In Part II of this blog series on the Patient Protection and Affordable Care Act (PPACA), I will explore the following statement: “Adults with pre-existing conditions became eligible to join a temporary high-risk pool, which will be superseded by the healthcare exchange in 2014.To qualify for coverage, applicants must have a pre-existing health condition and have been uninsured for at least the past six months. There is no age requirement. The new program sets premiums as if for a standard population and not for a population with a higher health risk. Allows premiums to vary by age (4:1), geographic area, and family composition. Limit out-of-pocket spending to $5,950 for individuals and $11,900 for families, excluding premiums.”

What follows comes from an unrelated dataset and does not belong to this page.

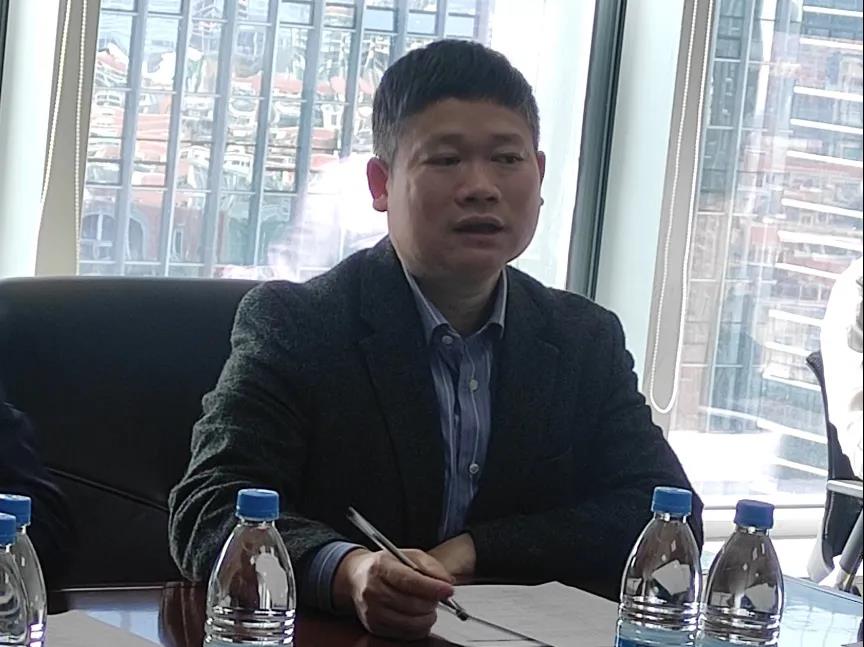 熟妇丰满多毛的大隂户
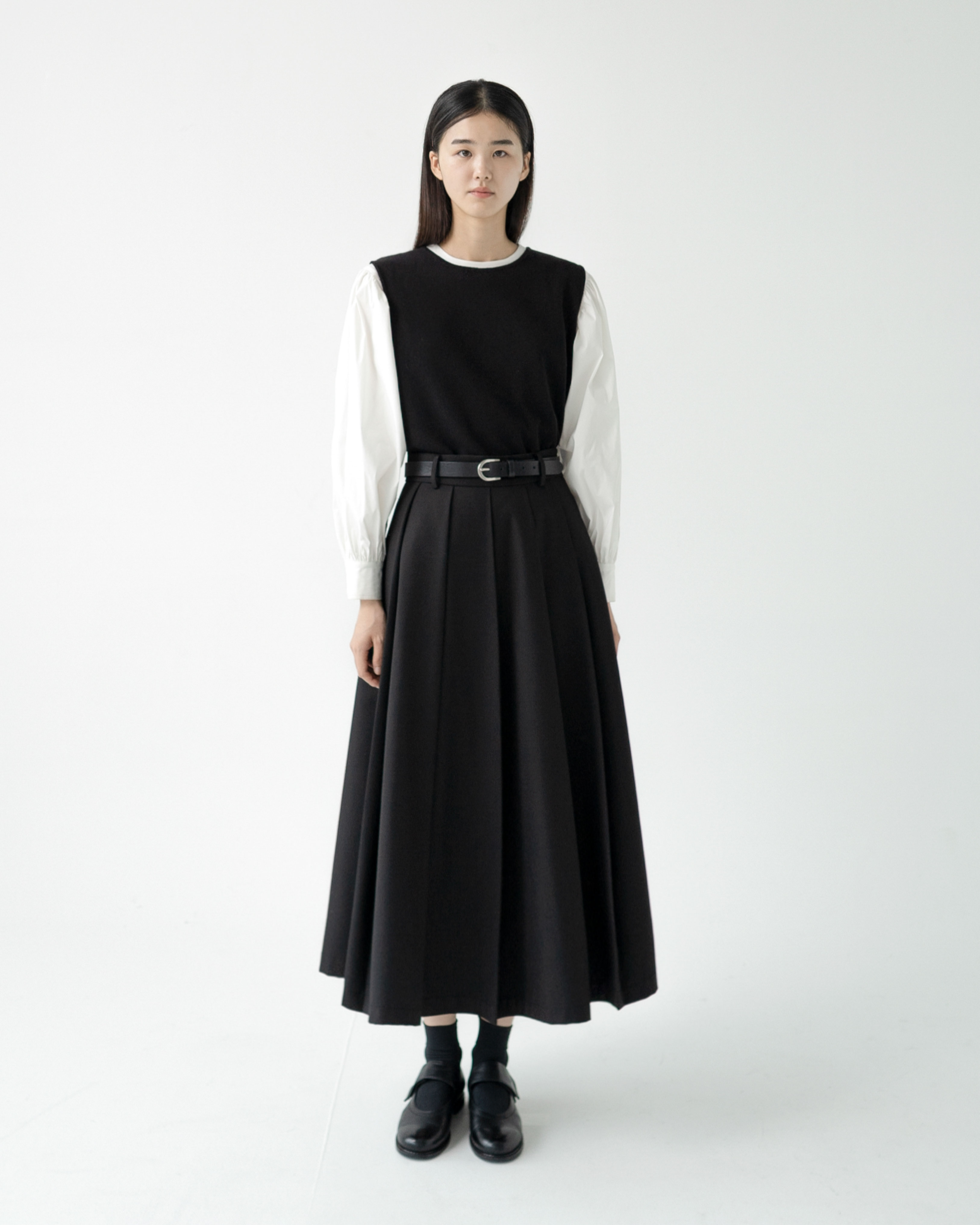 classic pleats skirt (10/4 pm12:00 m size open, 10/18 순차 출고 예정)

In addition, the premiums (effective September, 2010) for this high-risk pool were set as follows:
- Premium to be set at a standard rate for a standard population
- Premium for older individuals allowed to be up to 4 times the premium for younger individuals
- Premium for tobacco users allowed to be up to 1.5 times the premium for non-tobacco users
What is disturbing about this premium scheme is that individuals who cannot control their age are required to pay much more than individuals who can control their tobacco-related habits. Does this seem disturbing to anyone else?
While there is a limit on out-of-pocket spending, there is no ceiling on premiums (yet) and no floor for benefits. There is a 40% excise tax on premiums greater than $27,500 for families and $10,700 for individuals. However, this tax on health insurance companies does not go into effect until 2018. In addition, the healthcare exchange mentioned in the provision does not take effect until 2014.
The healthcare exchange is a government subsidy that will be provided to families based on size and annual income as a percentage of the federal poverty line. For instance, a family of 4 whose income is 400% above the poverty line (in other words, $88,200) will have a maximum out-of-pocket premium of $8,379 (9.5% of income). However, for another two years there is no premium ceiling, and for another six years there is no penalty for charging high premiums. Further, there is no premium ceiling at all for families whose annual income is above $88,200. What can this mean for a middle-class family in the US?
In the same year as the healthcare exchange takes effect, the government will also begin imposing a $2,000 tax per employee on employers who do not offer health insurance and employ more than 50 individuals. Thus, in two years, a family of four making $90,000 annually can lose its health benefits and be forced to purchase its own insurance for which there will be no subsidy and no premium ceiling.
What if the primary breadwinner of this family loses his job but has a pre-existing condition that may not be insured for 6 months to 10 years by a new healthcare package, based on the state in which the family resides? Even if he finds a new job right away, will he have to refuse healthcare for six months in order to enter the temporary high-risk pool of individuals, some of whom may have to pay up to four times the standard premium because they are older? Will this individual be able to afford this high premium when combined with insurance costs for his family? How will he insure his family during those six months? I have yet to find answers to these questions in the PPACA. I hope I am missing something.